Egypt, 1936: When anthropology student Charlotte Cross is offered a coveted spot on an archaeological dig in Egypt’s Valley of the Kings, she leaps at the opportunity. That is until an unbearable tragedy strikes.
New York City, 1978: Nineteen-year-old Annie Jenkins is thrilled when she lands an opportunity to work for former Vogue fashion editor Diana Vreeland, who’s in the midst of organizing the famous Met Gala, hosted at the museum and known across the city as the “party of the year.”
Meanwhile, Charlotte is now leading a quiet life as the associate curator of the Met’s celebrated Department of Egyptian Art. She’s consumed by her research on Hathorkare—a rare female pharaoh dismissed by most other Egyptologists as unimportant.

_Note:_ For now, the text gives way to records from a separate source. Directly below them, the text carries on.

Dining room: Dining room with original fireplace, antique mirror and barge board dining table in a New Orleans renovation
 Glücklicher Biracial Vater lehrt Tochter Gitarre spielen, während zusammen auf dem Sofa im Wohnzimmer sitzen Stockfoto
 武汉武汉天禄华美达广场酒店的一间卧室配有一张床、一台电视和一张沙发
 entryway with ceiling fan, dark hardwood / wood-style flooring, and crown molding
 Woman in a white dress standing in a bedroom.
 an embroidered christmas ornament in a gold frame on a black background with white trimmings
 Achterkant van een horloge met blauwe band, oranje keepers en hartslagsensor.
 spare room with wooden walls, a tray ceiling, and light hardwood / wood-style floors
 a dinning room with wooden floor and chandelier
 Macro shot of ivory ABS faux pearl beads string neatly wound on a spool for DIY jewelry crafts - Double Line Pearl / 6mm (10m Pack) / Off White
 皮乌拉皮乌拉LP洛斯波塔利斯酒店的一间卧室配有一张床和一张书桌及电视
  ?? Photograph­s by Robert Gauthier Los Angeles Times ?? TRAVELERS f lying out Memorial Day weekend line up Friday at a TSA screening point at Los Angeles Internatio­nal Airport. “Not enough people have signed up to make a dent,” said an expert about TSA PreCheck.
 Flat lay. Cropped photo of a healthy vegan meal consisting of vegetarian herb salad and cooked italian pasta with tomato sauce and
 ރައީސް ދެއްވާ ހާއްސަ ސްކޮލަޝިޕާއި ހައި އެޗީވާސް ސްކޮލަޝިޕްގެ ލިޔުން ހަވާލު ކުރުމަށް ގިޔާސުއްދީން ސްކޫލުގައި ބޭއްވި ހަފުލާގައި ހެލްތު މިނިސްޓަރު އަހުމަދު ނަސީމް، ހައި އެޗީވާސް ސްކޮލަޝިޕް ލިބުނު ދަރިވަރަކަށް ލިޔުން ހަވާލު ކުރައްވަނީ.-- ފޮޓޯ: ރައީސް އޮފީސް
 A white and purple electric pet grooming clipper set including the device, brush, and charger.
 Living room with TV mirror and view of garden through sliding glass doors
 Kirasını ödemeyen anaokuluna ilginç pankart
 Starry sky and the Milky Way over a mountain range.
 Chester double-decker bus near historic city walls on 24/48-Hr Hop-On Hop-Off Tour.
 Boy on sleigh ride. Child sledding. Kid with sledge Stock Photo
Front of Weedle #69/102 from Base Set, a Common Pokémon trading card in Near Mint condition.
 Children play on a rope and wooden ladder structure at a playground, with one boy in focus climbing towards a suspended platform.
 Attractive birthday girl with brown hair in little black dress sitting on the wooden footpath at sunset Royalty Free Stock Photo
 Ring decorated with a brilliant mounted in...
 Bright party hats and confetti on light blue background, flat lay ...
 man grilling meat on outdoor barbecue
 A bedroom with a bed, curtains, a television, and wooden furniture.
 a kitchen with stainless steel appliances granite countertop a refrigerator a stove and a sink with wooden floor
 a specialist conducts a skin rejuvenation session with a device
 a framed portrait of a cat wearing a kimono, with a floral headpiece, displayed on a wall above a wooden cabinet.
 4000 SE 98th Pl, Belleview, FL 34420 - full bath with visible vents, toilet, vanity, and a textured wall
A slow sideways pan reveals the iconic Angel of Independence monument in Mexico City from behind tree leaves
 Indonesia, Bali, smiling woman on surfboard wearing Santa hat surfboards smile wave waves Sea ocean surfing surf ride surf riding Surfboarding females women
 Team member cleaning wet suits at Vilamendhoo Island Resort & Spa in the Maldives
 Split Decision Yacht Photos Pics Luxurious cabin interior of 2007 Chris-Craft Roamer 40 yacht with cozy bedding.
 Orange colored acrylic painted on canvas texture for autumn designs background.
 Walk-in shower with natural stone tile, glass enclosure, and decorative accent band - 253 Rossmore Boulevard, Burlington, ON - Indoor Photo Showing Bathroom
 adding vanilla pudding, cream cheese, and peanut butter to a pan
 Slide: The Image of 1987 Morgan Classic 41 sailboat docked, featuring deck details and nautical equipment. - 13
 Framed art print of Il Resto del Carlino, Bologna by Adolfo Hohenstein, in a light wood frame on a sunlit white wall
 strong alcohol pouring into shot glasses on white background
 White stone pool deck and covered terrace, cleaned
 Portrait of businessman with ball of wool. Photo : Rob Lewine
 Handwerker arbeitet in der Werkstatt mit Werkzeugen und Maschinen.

The night of the gala: One of the Egyptian art collection’s most valuable artifacts goes missing, and there are signs Hathorkare’s legendary curse might be reawakening. Annie and Charlotte team up to search for the missing antiquity, and a desperate hunch leads the unlikely duo to one place Charlotte swore she’d never return: Egypt. But if they have any hope of finding the artifact, Charlotte will need to confront the demons of her past—which may mean leading them both directly into danger.
PUBLISHERS WEEKLY
In this alluring outing from Davis (The Spectacular), two women team up to find an artifact that's gone missing from the Metropolitan Museum of Art. It's 1978 and curator Charlotte Cross, who specializes in Egyptian antiquities, has spent the past three years working to prove female pharaoh Hathorkare was not "universally reviled," and that her visage was not damaged directly after her death, as conventionally believed, but decades later. Charlotte must visit Egypt to prove her thesis, a trip she's avoided because of devastating memories from when she studied abroad there in the 1930s. In a parallel narrative, 19-year-old housekeeper Annie Jenkins dreams of becoming a fashion designer. When she lands a job as the assistant to Met Gala organizer Diana Vreeland, she thinks she's hit the jackpot. But the night of the gala, one of the museum's most famous Egyptian pieces disappears, and Charlotte and Annie join forces to track it down. Their search leads them to Egypt, where Charlotte will finally face her past—if she and Annie aren't killed first. The action-packed novel brims with Davis's customary meticulous research and adds insight to debates over whether artifacts should remain in their country of origin. There's plenty of substance to this rousing adventure.